**ASSIGNMENT**: Without adding anything, give again the lines from the one holding "The Classic American Quilt Collection" through the final line of the records, exactly, with both ends included and pictures dropped.

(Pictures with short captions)
= = = = =

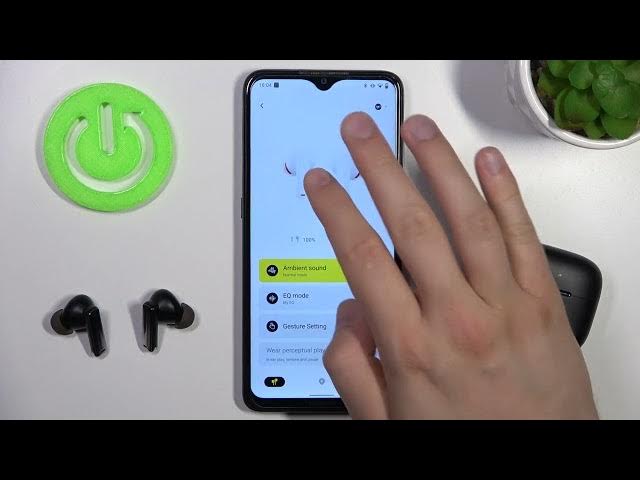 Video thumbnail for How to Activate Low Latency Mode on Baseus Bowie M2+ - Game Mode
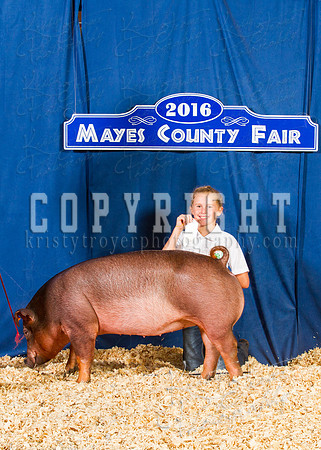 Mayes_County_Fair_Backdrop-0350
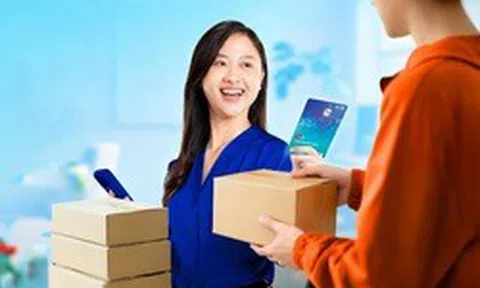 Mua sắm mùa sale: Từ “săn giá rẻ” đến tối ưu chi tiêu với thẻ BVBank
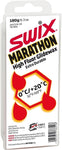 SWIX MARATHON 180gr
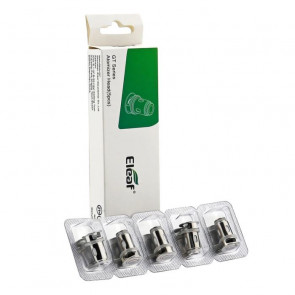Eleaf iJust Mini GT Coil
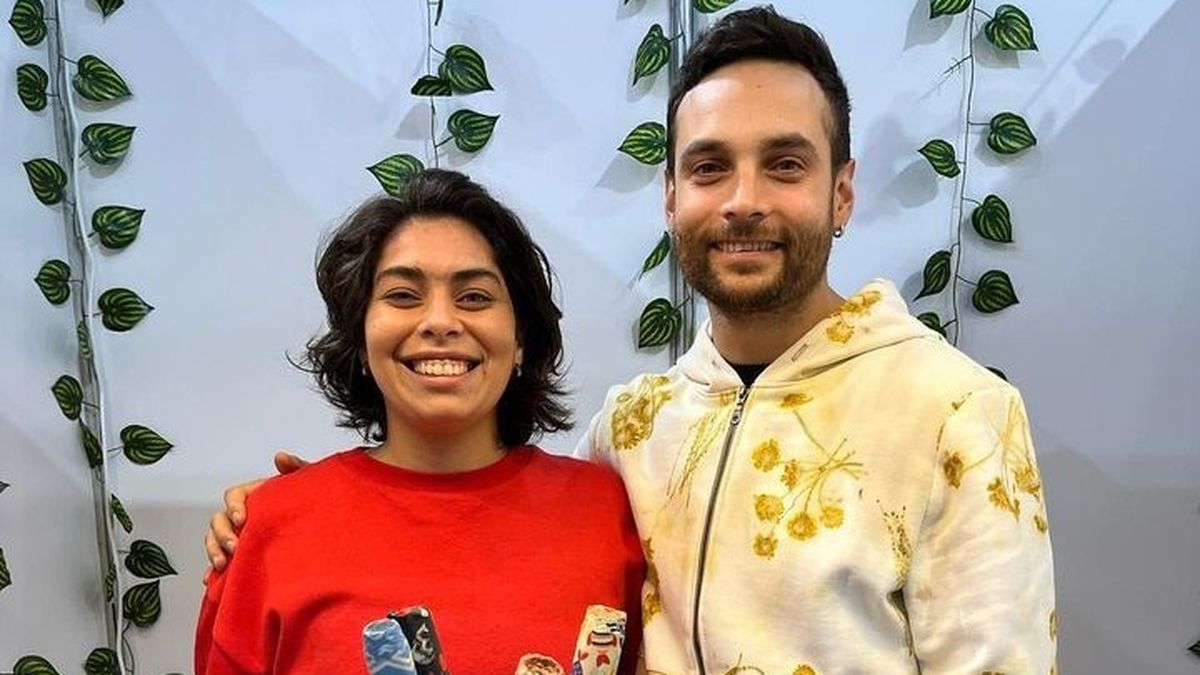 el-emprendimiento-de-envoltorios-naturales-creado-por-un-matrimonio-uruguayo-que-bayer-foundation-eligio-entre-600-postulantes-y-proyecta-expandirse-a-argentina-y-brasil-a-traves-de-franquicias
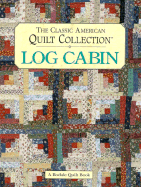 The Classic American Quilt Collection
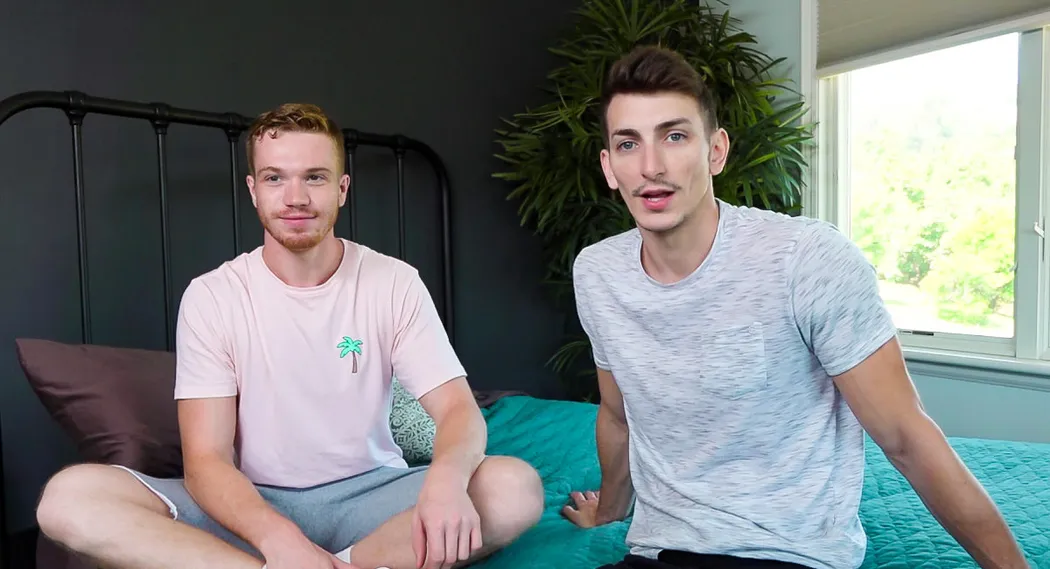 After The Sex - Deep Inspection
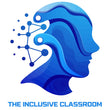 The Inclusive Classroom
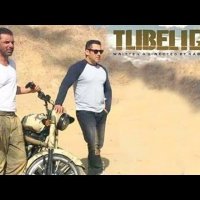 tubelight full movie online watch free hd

= = = = =

**YOUR RESPONSE**:
 The Classic American Quilt Collection
 After The Sex - Deep Inspection
 The Inclusive Classroom
 tubelight full movie online watch free hd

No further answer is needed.